May 19, 2020

2020 workplace predictions

SocialChorus
fake news
Employee Engagement
Nicole Alvino, Co-Founder and ...
5 min
2020 workplace predictions

Nicole Alvino, Co-Founder and Chief Strategy Officer at SocialChorus, shares her workplace predictions for 2020. 

 

The battle against “fake news” in the workplace will come to a head

In 2019, we saw the proliferation of “fake news” spill out of the political sphere and make its way into organisations. Companies are now battling new frontiers we’ve never seen before - from the fight against deepfakes, to “digital water coolers” running rampant among employees, to the spread of social and collaboration platforms that make it easy for anyone to spread disinformation. And all the while, employee engagement is only becoming more critical, as organisations must effectively engage and retain employees to win the war for talent. In 2020, these forces will come to a head for business leaders as they look to combat the infiltration of “fake news” and deliver a unified message to employees. Organisations will risk losing trust and transparency with their workforce or turn to new strategies, such as creating a single source of truth for company communications, establishing “truth ambassadors” as trusted sources and building mechanisms for transparency and feedback.

 

Expect increased investment in employee engagement to keep up with digital workplace challenges. 

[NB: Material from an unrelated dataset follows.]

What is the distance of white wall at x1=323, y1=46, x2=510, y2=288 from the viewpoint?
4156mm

Amid the digital workplace shift, current technologies will be exchanged for new ones and new solutions adopted internally, as organisations race to create a more connected, engaged and productive workforce. The employee engagement space will be one to watch as investment continues in collaboration and “productivity” tools like Slack, which are often touted as an answer to this issue of employee engagement. But with so many devices and employee preferences in play, the type of peer-to-peer communication offered by these tools doesn’t deliver the alignment that companies are really after. Companies will need to focus on a multi-channel strategy and delivering information, from benefits updates to compliance training to company news, from a unified platform to reach all employees. These types of employee communications platforms will allow managers and supervisors to communicate quickly and seamlessly with team members whether they are behind a desk, in the field or on a factory floor.

 

Ethical leadership will make or break the bottom line

Throughout 2019, a myriad of factors have forced companies to recognise the importance of ethical leadership. From employee protests and walkouts to GDPR and the data privacy troubles of companies like Facebook, ethics has become the crux of both employee satisfaction and business success as employees demand more out of their employers. Especially with forecasts predicting a potential economic slowdown, in 2020 we will see the C-suite grasp ethical practices as a competitive advantage, revamping and restructuring corporate social responsibility programmes and efforts to demonstrate their commitment. Ethical leadership will no longer be an option, but an imperative that directly impacts the bottom line, pushing companies to build ethics into policies and practices, place a renewed focus on company culture and seek ways to measure the impact of their efforts.

 

IT will become more user experience-focused and drive the employee experience. IT can no longer be all about point solutions and ensuring governance, compliance and ticket velocity; it must connect to broader business objectives, as the need to recruit and retain top talent becomes more imperative. As the workforce continues to evolve and organisations shift toward the digital workplace, IT will increasingly focus on employee adoption, usage and the end-user experience, delivering technology and strategies that meet employee demands and rising expectations. That means everything from more automated processes to mobile-first platforms so employees can work faster, smarter and better, wherever they may be. In the coming year, we will see more technology-focused initiatives aimed at supporting a culture of transparency and collaboration and driving organisational alignment, all of which are central to improving the employee experience.

 

 Employee engagement strategies will centre on the multi-generational workforce

We’ve all heard the talk of millennials and Gen Z taking over the workplace, and organisations can no longer ignore this seismic demographic shift when it comes to the employee experience. Businesses today are facing an employee engagement crisis, grappling with more factors and distractions among employees than ever before - from decreased attention spans to the proliferation of chat tools, social platforms and consumer-like technologies that have changed how employees consume information. With so many varied preferences, behaviours and devices across generations, organisations will need to adopt a multi-generational, multi-channel engagement strategy in order to win employees’ mindshare in 2020. This type of approach allows for flexibility, targeting and personalisation so businesses can deliver the right message to the right demographic - and retain workers before they go elsewhere.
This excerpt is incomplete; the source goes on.